- ABOUT THIS TASK -
Set down the lines below, exactly, starting at the one that contains "Моисеенков Денис" and stopping at the last line, inclusive. Omit pictures.

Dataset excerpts
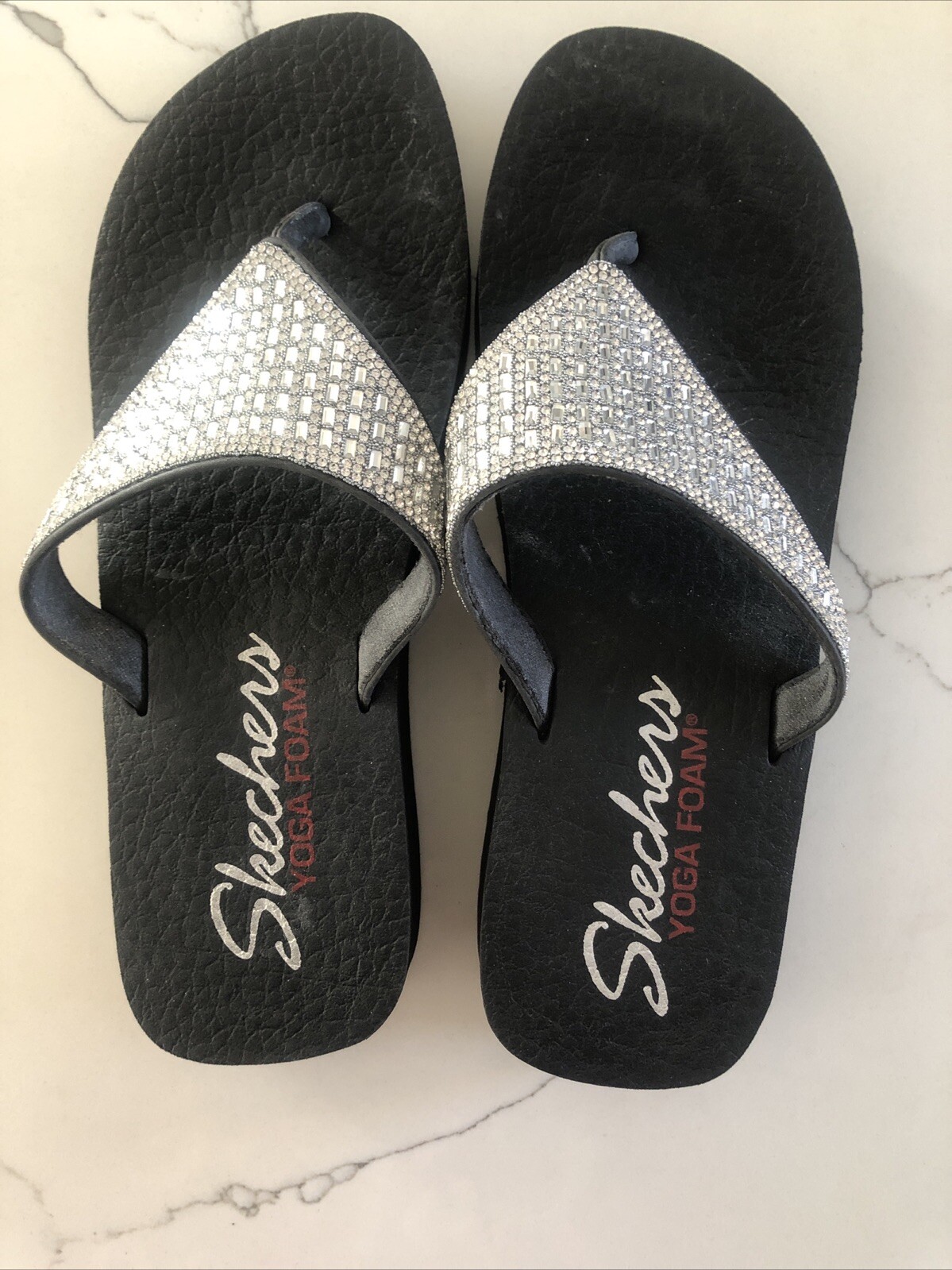 Women’s Skechers Sandals Thong Foam Yoga Size US 8 SN 31601 Nice Preowned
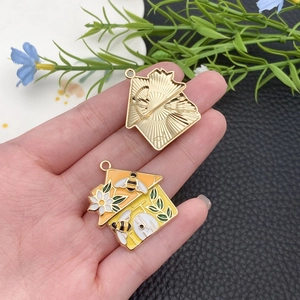 Vue détaillée avant et arrière du pendentif émaillé maison d'abeille et tournesol DIY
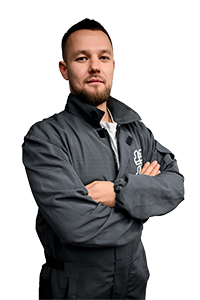 Моисеенков Денис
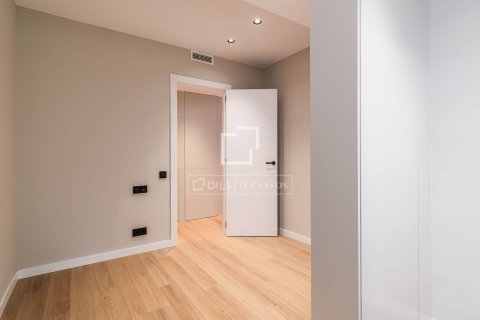Wohnung zum Verkauf in Barcelona, Spanien 3 Schlafzimmer, 91 m2 Nr. 168322 - Foto 13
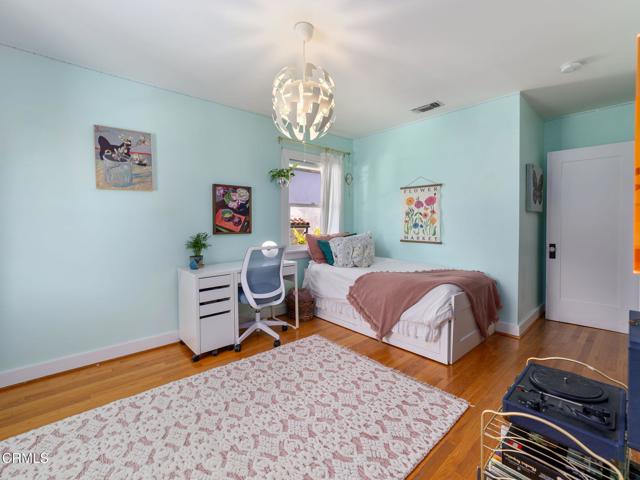 1327 Campbell Street, Glendale CA: https://media.crmls.org/mediaz/ad04dbfe-4173-40e9-8fed-08b65ff46168.jpg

- WRITTEN ANSWER -
 Моисеенков Денис
Wohnung zum Verkauf in Barcelona, Spanien 3 Schlafzimmer, 91 m2 Nr. 168322 - Foto 13
 1327 Campbell Street, Glendale CA: https://media.crmls.org/mediaz/ad04dbfe-4173-40e9-8fed-08b65ff46168.jpg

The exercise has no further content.